Note: This story has been updated to include the latest forecast information.
With temperatures in the 50s Sunday and total snowfall of less than three inches during the winter of 2022-2023 so far, anyone feeling skeptical about a Monday night weather forecast that includes a chance of frozen precipitation could easily be forgiven.
Potentially hazardous winter weather, however, is exactly what meteorologists are calling for across the Lehigh Valley and elsewhere.

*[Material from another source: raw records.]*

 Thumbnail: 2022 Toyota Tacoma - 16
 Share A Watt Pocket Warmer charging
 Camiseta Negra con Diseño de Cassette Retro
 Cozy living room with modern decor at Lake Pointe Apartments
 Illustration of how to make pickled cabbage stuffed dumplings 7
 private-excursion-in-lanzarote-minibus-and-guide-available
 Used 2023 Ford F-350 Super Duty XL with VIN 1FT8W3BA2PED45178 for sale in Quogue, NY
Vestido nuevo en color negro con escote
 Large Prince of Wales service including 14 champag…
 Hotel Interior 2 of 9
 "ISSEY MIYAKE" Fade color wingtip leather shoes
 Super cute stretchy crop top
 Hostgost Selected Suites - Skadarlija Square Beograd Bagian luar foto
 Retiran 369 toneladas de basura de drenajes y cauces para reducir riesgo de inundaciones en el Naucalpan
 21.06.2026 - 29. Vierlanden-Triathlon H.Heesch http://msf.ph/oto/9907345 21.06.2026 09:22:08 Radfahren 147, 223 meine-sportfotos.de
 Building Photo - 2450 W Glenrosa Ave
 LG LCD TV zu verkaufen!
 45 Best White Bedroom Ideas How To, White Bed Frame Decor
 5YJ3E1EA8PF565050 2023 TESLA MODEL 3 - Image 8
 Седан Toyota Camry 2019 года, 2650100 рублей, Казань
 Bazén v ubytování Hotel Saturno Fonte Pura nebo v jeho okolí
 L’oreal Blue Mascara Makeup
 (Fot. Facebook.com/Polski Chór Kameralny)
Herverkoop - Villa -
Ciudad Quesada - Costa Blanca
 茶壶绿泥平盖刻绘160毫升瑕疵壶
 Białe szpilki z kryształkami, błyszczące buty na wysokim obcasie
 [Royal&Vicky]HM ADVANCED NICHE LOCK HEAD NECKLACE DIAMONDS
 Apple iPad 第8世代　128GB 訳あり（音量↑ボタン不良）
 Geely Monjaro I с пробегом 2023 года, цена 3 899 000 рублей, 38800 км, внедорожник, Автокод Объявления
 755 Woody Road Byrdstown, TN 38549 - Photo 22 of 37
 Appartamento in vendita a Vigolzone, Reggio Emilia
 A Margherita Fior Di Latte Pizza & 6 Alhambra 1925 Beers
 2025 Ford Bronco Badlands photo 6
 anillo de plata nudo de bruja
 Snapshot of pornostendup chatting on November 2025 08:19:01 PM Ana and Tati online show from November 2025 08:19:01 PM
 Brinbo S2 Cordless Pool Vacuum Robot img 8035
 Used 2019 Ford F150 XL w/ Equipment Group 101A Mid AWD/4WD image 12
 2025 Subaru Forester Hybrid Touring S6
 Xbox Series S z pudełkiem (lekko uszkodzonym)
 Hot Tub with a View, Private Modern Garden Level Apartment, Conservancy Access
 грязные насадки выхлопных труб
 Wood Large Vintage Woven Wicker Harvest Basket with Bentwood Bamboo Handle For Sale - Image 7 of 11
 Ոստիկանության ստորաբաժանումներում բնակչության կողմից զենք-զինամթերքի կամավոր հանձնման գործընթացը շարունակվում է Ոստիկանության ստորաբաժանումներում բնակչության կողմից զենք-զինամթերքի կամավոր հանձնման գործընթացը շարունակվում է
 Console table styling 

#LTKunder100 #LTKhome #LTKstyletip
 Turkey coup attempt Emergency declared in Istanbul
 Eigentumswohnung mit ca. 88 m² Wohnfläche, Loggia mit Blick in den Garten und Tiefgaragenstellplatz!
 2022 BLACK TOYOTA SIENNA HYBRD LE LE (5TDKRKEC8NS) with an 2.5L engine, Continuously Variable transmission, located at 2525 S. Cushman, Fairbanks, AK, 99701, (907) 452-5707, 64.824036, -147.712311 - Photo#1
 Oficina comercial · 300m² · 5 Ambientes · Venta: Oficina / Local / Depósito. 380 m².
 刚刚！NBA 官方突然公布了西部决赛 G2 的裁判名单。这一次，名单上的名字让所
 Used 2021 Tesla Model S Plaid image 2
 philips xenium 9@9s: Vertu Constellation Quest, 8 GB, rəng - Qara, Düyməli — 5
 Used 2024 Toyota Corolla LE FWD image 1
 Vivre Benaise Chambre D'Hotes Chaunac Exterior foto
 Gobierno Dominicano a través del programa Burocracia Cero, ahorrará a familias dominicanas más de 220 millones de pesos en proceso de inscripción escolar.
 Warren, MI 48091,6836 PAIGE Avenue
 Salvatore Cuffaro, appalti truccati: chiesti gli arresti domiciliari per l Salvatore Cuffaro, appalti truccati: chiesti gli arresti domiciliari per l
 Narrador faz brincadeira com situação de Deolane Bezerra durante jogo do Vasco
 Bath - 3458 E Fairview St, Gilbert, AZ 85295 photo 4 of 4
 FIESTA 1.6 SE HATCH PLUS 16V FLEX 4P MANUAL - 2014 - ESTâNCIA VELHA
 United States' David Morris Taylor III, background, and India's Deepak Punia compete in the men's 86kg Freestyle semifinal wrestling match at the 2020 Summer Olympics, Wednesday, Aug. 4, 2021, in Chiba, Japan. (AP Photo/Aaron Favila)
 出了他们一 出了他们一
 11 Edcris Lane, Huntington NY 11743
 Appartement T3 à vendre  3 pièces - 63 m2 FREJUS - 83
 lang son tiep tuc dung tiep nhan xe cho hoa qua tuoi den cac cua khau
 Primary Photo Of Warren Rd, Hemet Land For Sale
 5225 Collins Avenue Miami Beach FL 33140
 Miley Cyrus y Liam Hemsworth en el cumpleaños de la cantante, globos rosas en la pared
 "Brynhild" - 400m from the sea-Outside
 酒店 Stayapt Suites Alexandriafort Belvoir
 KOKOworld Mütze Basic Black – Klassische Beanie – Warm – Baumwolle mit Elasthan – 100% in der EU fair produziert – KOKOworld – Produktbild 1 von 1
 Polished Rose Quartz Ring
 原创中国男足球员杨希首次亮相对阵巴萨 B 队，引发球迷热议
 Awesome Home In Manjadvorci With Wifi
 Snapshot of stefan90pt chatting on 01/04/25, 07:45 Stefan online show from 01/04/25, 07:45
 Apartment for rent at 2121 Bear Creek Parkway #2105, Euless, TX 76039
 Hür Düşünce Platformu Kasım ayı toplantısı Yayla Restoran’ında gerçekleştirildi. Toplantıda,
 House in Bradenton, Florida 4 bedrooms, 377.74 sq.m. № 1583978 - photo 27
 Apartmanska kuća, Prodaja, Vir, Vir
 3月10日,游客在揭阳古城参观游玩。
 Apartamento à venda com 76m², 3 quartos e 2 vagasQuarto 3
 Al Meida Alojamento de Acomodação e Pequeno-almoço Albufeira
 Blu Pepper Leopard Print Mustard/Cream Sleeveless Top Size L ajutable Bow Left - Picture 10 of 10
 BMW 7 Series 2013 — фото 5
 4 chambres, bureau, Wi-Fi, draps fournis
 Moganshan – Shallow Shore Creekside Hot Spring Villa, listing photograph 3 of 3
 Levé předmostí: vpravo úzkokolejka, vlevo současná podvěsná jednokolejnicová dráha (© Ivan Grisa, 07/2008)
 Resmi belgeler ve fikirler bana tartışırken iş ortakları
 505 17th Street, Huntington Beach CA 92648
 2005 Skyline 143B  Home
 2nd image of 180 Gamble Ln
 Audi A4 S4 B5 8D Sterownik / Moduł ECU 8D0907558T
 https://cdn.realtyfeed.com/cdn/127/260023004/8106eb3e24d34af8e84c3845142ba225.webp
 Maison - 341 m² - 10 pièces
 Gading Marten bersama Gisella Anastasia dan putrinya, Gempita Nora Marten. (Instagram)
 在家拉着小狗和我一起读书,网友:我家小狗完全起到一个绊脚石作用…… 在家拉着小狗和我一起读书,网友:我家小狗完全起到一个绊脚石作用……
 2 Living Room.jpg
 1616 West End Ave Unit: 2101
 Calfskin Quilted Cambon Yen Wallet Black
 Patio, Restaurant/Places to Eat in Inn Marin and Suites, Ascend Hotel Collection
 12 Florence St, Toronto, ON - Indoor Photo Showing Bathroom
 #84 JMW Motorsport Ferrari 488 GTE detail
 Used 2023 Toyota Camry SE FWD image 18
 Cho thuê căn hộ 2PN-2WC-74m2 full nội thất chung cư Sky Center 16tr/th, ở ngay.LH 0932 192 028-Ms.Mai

The National Weather Service has issued a winter weather advisory for Northampton County from 5 p.m. Monday until 10 a.m. Tuesday for mixed precipitation including snow and freezing rain. The advisory also includes Carbon County in the Poconos and Warren County in New Jersey. A separate advisory for Lehigh, Upper Bucks and Somerset (N.J.) counties is in effect from 5 p.m. Monday until 5 a.m. Tuesday.
According to accompanying statements issued with the advisories, total snow accumulations in Northampton County could be in the 3 to 6 inch range while accumulations in Lehigh County will be in the 2 to 4 inch range, with snowfall rates in excess of “one inch per hour at times” possible Monday night. Further north, in Monroe County, a winter storm warning is in effect for up to 8 inches of snow.
In the Lehigh Valley freezing rain that results in a light glaze on roadways, sidewalks and other surfaces could result in slippery travel conditions, especially during the Monday evening and Tuesday morning commutes, the NWS said. Rain or sleet could also mix in at times.
According to the NWS’s latest forecast for Allentown, Monday night’s low will be 31 degrees, or just below the freezing mark.
Tuesday’s high temperature will be in the low 40s and highs on Wednesday and Thursday will return to the 50s, forecasters say, so any snow that does accumulate is likely to disappear rather quickly.
The winter of 2022-2023 has not only been one of the least snowy, but also one of the mildest on record at Allentown, with temperatures averaging nearly nine degrees above normal in January.
With a brief but severe cold snap early in the month, February has been a bit cooler, but the average temperature to date is still nearly five degrees above the historic average.
Whether March brings a return to colder, snowier conditions more typical of winter in eastern Pennsylvania remains to be seen, but with time running out on the seasonal calendar, if there is more winter weather in store for the region it will likely be fleeting in nature.